Have you tried doing the exercise, including the part where you have to explain to others why you have positioned yourself where you did? Particularly the one about how others perceive your gender. At a minimum, you have to talk about other people's understanding of gender stereotypes and how it relates to your presentation.

There are routinely people who say "this line is stupid, I'm putting myself somewhere not on the line", and I should have mentioned that (because it's a possibility often discounted in the dismissal of the activity), and you may well be one of them. (I mean, I have been running the damn workshop and stuck myself not on the lines, not least because I genuinely don't know how others perceive my gender.)

[–] ada@lemmy.blahaj.zone 3 points 1 year ago (2 children)
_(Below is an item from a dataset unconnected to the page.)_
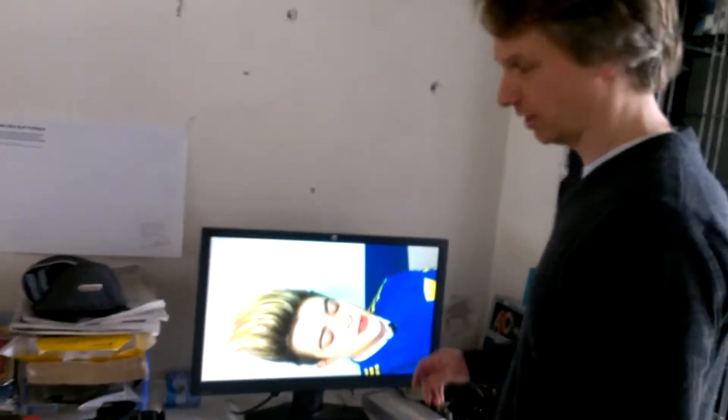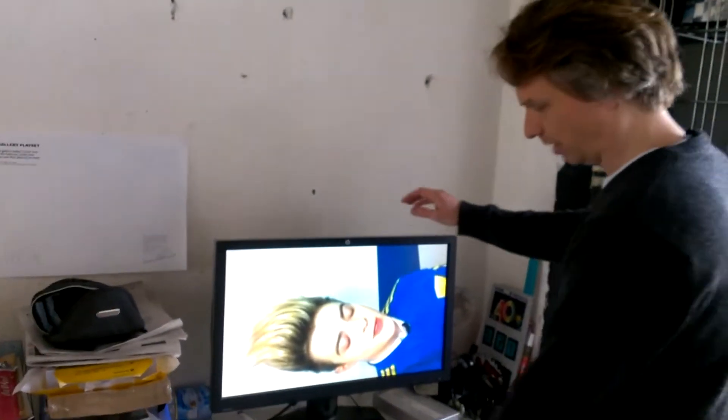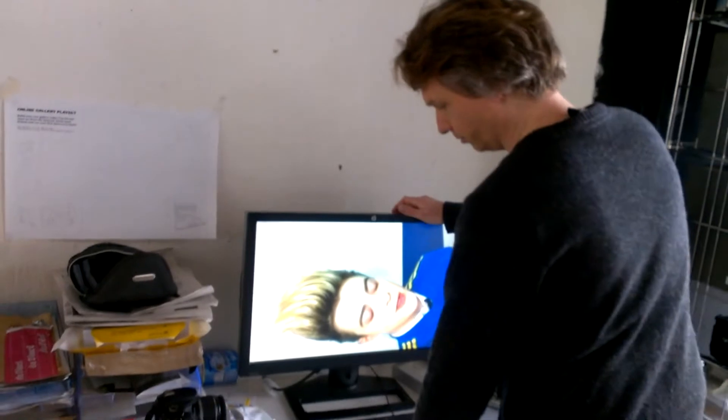So you go to the Museum of Moving Image and burn a DVD with the current vertical video sampler we made. And then you go to your home, to your desktop home computer and play the video.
Have you tried doing the exercise, including the part where you have to explain to others why you have positioned yourself where you did?

I have. And it boils down to women/girls are "like me".

If I were in a room with a group of men and a group of women, it's the women that I feel the sense of "sameness" with.

At a minimum, you have to talk about other people’s understanding of gender stereotypes and how it relates to your presentation.

Sure, but that's presentation, not identity. I perform what I call "practical femininity". It's the femininity that I have to perform to minimise social pushback. I have no sense of it connecting to who I am, or my identity however.

I think ultimately, I'm being nitpicky here. We all have to navigate stereotypes, and we all have some sort of relationship with them. I just don't agree that we all need them to talk about out sense of self and our own identities, because my sample size of 1 shows me that it's not the case for me

[–] such_lettuce7970@kbin.social 3 points 1 year ago* (last edited 1 year ago) (1 children)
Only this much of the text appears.